Ricardo Rocha, que afirma ser filho de Gugu, teve resultado negativo em um exame de DNA divulgado nesta semana.

Ricardo Rocha, que alega ser filho de Gugu, recebeu nesta semana o resultado negativo do exame de DNA que poderia confirmar sua paternidade. Porém, surgiu uma questão: seria possível que um exame desse tipo apresentasse falhas?

Salmo Raskin, geneticista e diretor científico da Sociedade Brasileira de Genética Médica, concedeu uma entrevista ao portal Metrópoles para discutir a possibilidade de erros em exames de confirmação de paternidade. Segundo ele, a probabilidade de falhas no procedimento é quase nula, embora não seja totalmente inexistente.

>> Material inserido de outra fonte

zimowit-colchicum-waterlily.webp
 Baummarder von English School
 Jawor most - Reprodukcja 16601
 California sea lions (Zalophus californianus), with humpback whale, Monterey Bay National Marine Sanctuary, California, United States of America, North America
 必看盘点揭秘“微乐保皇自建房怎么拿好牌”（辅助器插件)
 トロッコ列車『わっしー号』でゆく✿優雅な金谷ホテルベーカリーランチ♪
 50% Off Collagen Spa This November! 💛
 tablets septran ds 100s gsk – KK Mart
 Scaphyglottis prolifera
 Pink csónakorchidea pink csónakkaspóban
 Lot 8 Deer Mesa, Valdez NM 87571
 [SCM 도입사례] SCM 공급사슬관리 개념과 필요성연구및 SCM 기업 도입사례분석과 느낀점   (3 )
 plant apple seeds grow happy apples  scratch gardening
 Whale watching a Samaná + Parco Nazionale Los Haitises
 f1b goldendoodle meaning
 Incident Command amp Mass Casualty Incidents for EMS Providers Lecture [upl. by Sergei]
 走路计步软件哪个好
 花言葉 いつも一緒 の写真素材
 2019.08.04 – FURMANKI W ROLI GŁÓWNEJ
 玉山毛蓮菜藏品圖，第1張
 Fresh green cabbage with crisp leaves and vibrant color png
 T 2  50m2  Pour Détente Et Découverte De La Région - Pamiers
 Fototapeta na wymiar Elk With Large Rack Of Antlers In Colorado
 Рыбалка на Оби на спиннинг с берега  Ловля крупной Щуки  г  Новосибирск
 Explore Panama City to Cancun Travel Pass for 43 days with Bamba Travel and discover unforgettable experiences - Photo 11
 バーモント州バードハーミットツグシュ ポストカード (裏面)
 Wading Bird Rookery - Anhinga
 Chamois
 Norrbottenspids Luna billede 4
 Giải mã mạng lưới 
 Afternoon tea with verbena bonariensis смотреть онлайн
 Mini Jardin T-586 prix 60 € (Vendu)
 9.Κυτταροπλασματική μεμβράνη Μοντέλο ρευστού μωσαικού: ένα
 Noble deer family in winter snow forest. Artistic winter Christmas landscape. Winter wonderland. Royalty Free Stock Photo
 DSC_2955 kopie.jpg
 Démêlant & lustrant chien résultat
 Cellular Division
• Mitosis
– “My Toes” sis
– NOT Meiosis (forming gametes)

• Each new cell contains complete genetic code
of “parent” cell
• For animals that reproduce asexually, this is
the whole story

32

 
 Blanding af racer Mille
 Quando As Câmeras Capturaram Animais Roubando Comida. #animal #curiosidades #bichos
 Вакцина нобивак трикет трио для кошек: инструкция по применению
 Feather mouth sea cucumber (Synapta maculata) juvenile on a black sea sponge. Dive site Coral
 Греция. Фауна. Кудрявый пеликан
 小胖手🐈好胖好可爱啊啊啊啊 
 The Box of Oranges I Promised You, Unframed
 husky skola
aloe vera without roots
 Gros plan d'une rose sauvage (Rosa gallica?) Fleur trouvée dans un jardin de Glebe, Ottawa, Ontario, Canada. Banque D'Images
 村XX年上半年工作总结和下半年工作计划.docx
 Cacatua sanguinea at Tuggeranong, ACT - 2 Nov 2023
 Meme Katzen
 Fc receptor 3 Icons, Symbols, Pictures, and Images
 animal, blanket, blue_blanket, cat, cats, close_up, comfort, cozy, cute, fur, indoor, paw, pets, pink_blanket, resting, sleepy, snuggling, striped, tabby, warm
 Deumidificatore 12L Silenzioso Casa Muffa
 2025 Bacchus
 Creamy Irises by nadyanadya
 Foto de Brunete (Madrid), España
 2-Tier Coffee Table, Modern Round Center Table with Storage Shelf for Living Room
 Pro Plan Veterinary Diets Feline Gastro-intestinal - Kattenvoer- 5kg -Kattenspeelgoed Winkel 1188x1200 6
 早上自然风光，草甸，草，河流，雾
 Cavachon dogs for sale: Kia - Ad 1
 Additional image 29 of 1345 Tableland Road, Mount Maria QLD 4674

“A tecnologia utilizada nesses exames é amplamente testada e consolidada, com avanços que permitem a análise de um número cada vez maior de pontos no material genético. A probabilidade de erro é quase nula, mas, como envolve a participação humana, existe, embora de forma extremamente rara, a possibilidade de falha humana”, explicou Salmo.

Ele explicou que resultados incorretos podem ocorrer durante a coleta do material genético, que pode ser comprometido no processo, ou devido a erros do profissional responsável pela análise e divulgação dos resultados.

Para quem não sabe, a coleta de amostras é a primeira etapa de um exame de DNA. Geralmente, utiliza-se sangue ou saliva, mas também é possível recorrer a mechas de cabelo ou células da pele para realizar a análise de DNA.

Na etapa seguinte, o material genético coletado é isolado e analisado em equipamentos modernos conhecidos como “sequenciadores de DNA”. Esses dispositivos permitem que um profissional qualificado acesse o código genético das duas pessoas examinadas e realize a comparação necessária.

A informação sobre o exame de DNA com resultado negativo de Ricardo Rocha foi divulgada pela jornalista Mônica Bergamo, do jornal Folha de S. Paulo. Embora ele não tenha se pronunciado oficialmente sobre o caso, deixou indiretas nas redes sociais, sugerindo que a questão ainda não está encerrada.